オープンセミナー

初期中世ヨーロッパで法書を編むこと

概要

法慣習の影響が強かった初期中世ヨーロッパ社会においても、カール大帝以降のカロリング朝フランク王権の下、「書かれた法(lex scripta)」すなわち成文法に基づいて裁くという方針が強く打ち出されました。それに伴い9世紀には、成文法を含む手稿本が前後の時代に比して多く作成されました。しかし前回のセミナーでもお話ししたように、フランク王国は一つの政治体でありながら、王国内には君主の権威により発布された法令、王国内に居住する諸民族それぞれの法、さらにはいわゆる教会法など、多様な法的規範が併存しつつ機能する、法的多元性が現出していました。そうすると、裁く側もそうした複数の法を収録したリファレンスブックが必要になりますが、現代の『六法全書』のような、網羅性・統一性を備えた書物が広く流通していたわけではありません。
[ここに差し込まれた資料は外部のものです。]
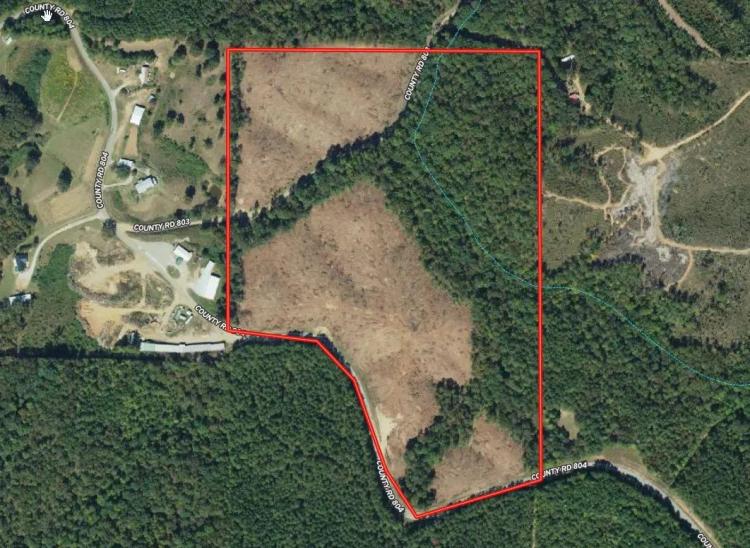 44.2 acres in Randolph County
実際に伝来している法テクスト収録手稿本は、使用の現場に近い各地で、ある意味「私的に」作られたものであり、収録内容・構成・テクストの質・装飾などがそれぞれに異なる、個性的な書物とみなせます。今回のセミナーでは、具体的な手稿本を取り上げながら、初期中世ヨーロッパの法文化を考察してみます。

関連書籍

  • 菊地重仁「西方キリスト教世界の形成」三浦徹編『750年 普遍世界の鼎立』(歴史の転換期3)山川出版社、2020年、79-131頁。
  • 久保正幡訳『リブアリア法典』(西洋法制史料叢書1)創文社、1977年。
  • 久保正幡訳『サリカ法典』(西洋法制史料叢書2)創文社、1977年。
  • 佐藤彰一『メロヴィング朝の模索』(フランク史2)名古屋大学出版会、2022年。
  • 佐藤彰一『カロリング朝の達成』(フランク史3)名古屋大学出版会、2023年
  • 西川洋一「初期中世ヨーロッパの法の性格に関する覚え書」『北大法学論集』41-5·6(1991年)29-121頁。